Back in the canoe, I find and pull a very old truck tire from the water. It is model T vintage, 3 feet in diameter and skinny like a motorcycle tire. It's possible that it has been in the water for 80 years or so. These old tires are strange to handle. They feel organic, with a gumminess to the touch. They are pre-nylon/rayon/dacron, so the cord fibers have rotted leaving a limp circular mass. This one dumps a quart or two of swamp water into the canoe as I wrestle it. (Brand - United States Tire)

When I reach the north point, I decide to head home across the bay. The sun comes out, brilliant and warm on my south facing side, even warmer feeling with a cold breeze from the north. The contrast in temperature is invigorating, somehow.

#1 island

There has been nothing remarkable about the trip, unless one finds the shear beauty of the marsh and all that goes on there remarkable.

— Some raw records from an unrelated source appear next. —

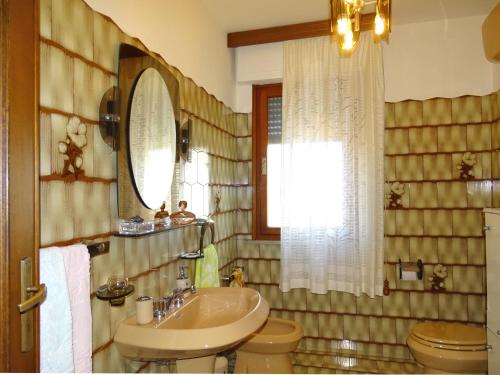 y baño con lavabo, aseo y espejo. en Dolci Sogni, en Pisa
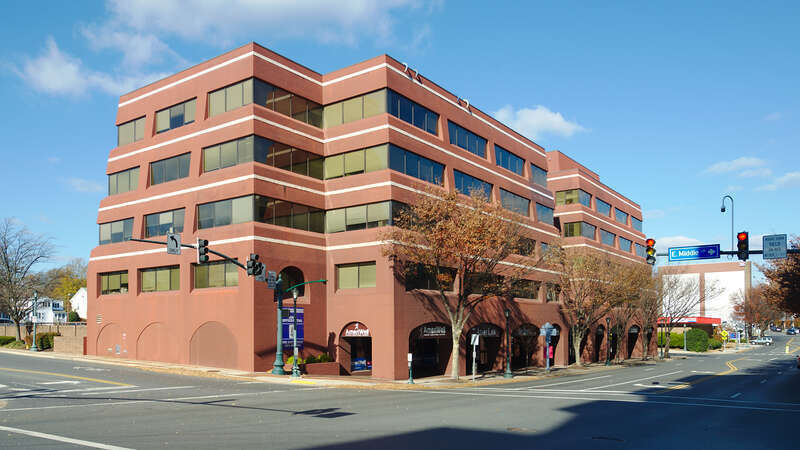 A slanted five story building on the corner of N. Washington St and W. Middle Ln. 110 North Washington Street, Rockville, Maryland 20850.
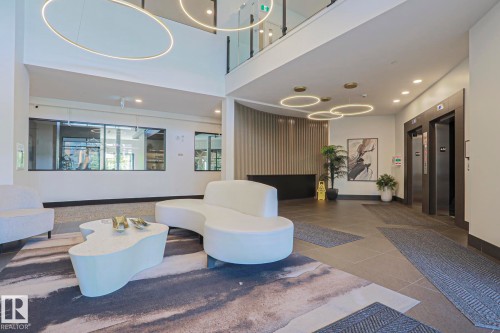 Grand lobby entrance featuring high ceilings and contemporary circular pendant lighting - 211 7463 May Common, Edmonton, AB 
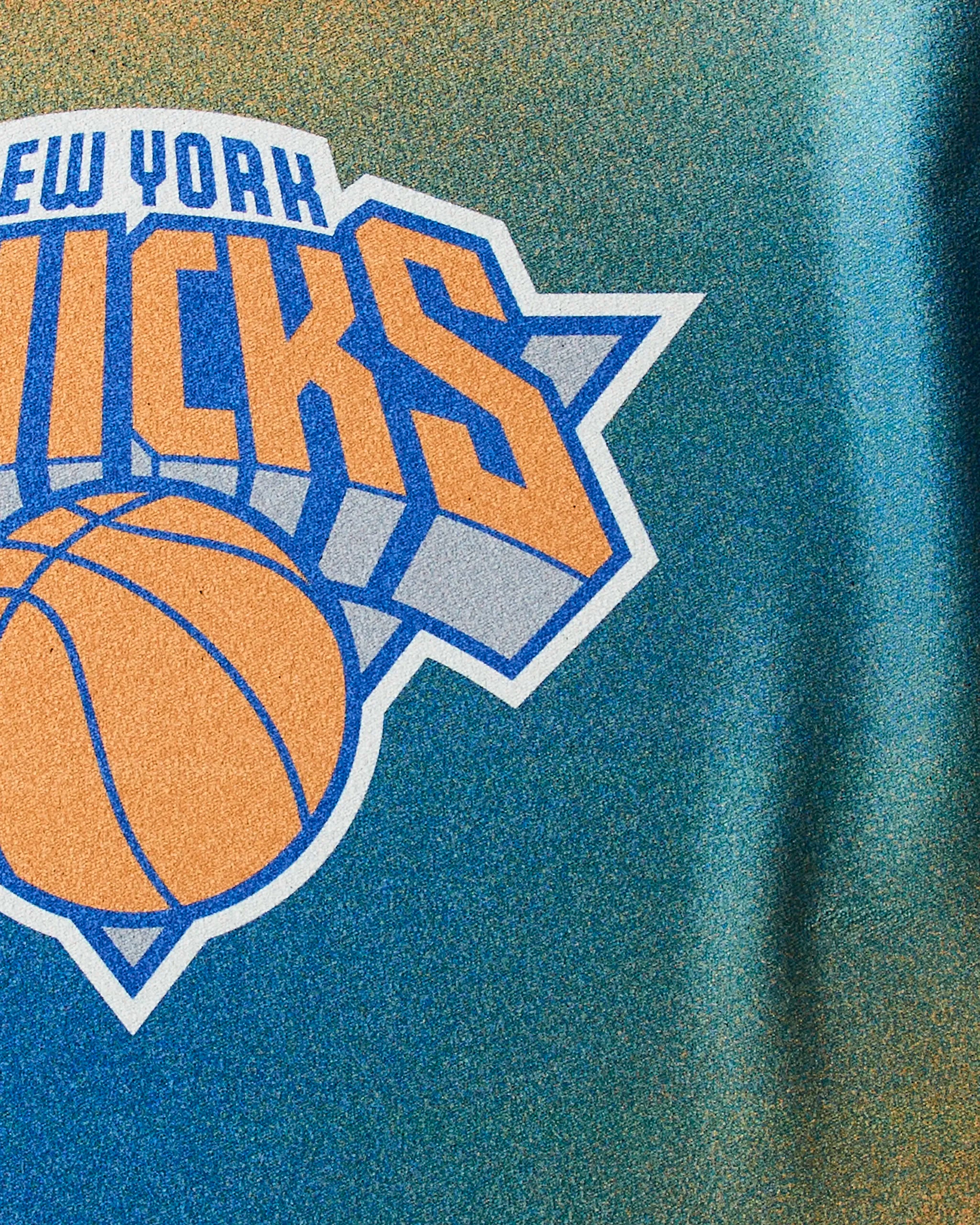 The image showcases Geometry's Knicks Fade towel, featuring the iconic New York Knicks logo with bold orange and blue text and a basketball graphic—ideal as a quick-drying NBA fitness or workout towel.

Saturday, February 5, 2011

The Red Jacket

I've returned from a trip to my home state where I savored the best winter in 30 years. Knee deep snow, freshened almost daily to maintain its brilliant whiteness combined with an equally white cold, crisp and dry, the slightest wind stinging the skin. I walked my favorite hikes through the gray deciduous forest and along the banks of a frozen over Mississippi River.

Thoughts come fast as I run the Harrison portage. Each step a thought, each ten steps a change in theme.

My friend, Richard, writes of "losing the light" in a fine story that merges his father and their experiences in the outdoors. It is a rich metaphor for so many things. When I arrived in Minnesota, my dad handed me his old red wool jacket. It's RCMP red, really red. He's had it for forty years and I wondered what had become of it. I've wanted it for some time, but would never go so far as to ask. How did he know? It fit perfectly and I wear it today. It will get worn many more days. "Losing the light" brings that all to mind. Losing the light.

So much has happened in the ten days that I have been off the water. I don't know what any of those things are, I just know, and I am here often enough to recognize them when I see them. I set out on the big lake calm under gray skies. The hills that rim the lake have little color left in them, the greens giving way. A thin mist falls at times from the sky, although fall may be the wrong word. A thin mist occupies the air. There are some common mergansers, some western grebes and many goldeneyes, the latter two, birds that come here more often in bad weather.

At the big lodge I retrieve a tire from a foot of water. It is an arm breaker releasing it from the bottom with the mud that has packed its entirety. Turning into the east channel of the burial island I find a pair each of northern pintails and green winged teal. The channel is very shallow today and choked with deadfall from nearby alders. I take and hour and cut and haul wood clear of the channel with a rope and saw that I packed today.


Work done, I head north to seek out the changes that I know have happened, for they are not here. I am rewarded spotting a merlin on the north shore. Change 1 - the 75 foot long dirtberg that laid off of the north point has sunk. Change 2 - the "chop top tree", a landmark in my maps of the bay, has been cut down. It was ugly as hell, the owners long ago having butchered its limbs so that it was nothing more than a 20 foot tall stump.

I get out in the NE lagoon to check animal tracks, finding many good raccoon prints and good beaver sign. I find a second dead goose that scavengers have just started to eat. I cast some raccoon tracks but ruin the casting when I lift it some ten minutes too soon.


As I cross the bay to my exit, I spot an eagle to the left, then two more and finally a fourth. They are disturbing the coots and ducks something fierce, but there is no hunt going on here. They are circling and whistling and interested only in each other. I've seen this before and I believe it is a territorial discussion. When eagles moved into the south nest I noticed that the north nest pair changed its hunting and eating perches. All this commotion is occurring just about where the imaginary dividing line is between the north and south nests.

As I portage home, a woman stops and tells me that they have my postcard from this project. She says her husband wants to go out with me sometime. I tell her that I'm up for it.